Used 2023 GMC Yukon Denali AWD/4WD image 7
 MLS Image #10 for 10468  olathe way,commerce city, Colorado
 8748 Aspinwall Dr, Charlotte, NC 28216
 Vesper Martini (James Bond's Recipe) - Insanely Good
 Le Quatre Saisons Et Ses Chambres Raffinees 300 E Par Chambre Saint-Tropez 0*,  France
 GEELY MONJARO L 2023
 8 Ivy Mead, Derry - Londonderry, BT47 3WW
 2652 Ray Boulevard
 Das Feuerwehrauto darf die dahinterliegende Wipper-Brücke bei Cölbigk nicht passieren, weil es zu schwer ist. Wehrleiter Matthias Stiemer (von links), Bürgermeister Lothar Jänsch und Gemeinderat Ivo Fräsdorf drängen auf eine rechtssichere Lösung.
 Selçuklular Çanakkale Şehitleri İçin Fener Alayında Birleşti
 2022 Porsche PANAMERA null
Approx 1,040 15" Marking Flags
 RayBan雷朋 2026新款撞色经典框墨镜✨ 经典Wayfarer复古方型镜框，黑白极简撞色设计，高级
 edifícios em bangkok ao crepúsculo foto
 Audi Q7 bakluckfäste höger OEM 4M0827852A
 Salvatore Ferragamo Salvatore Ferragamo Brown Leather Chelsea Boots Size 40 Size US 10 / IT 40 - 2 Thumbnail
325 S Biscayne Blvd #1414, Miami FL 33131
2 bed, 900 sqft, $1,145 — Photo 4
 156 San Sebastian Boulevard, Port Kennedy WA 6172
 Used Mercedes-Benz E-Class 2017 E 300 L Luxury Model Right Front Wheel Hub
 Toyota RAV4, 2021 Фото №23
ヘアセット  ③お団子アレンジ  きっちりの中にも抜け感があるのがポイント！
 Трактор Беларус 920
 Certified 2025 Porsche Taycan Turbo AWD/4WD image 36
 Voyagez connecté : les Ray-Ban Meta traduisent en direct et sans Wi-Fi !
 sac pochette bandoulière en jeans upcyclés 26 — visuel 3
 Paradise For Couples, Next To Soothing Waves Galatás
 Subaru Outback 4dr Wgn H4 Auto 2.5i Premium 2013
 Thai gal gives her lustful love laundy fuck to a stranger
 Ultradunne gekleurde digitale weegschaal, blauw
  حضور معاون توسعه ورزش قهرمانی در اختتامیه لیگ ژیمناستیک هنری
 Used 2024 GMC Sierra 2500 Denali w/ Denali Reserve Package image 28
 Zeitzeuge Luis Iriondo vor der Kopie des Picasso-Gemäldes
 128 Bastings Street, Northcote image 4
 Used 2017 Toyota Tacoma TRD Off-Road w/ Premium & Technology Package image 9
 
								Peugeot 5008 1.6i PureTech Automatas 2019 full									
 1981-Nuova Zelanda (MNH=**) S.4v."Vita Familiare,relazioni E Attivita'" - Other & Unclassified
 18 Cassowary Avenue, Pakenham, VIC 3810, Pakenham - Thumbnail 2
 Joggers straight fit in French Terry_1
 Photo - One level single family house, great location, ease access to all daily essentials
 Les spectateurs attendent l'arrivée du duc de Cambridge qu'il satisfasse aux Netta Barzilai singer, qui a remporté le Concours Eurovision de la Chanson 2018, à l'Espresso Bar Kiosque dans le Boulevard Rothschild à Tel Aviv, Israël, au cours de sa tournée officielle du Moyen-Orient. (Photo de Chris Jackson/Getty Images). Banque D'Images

YOUR INSTRUCTIONS: Scan the material above for the string "Porsche" and copy every line that has it.

SOLUTION TO THE PROBLEM:
 2022 Porsche PANAMERA null
 Certified 2025 Porsche Taycan Turbo AWD/4WD image 36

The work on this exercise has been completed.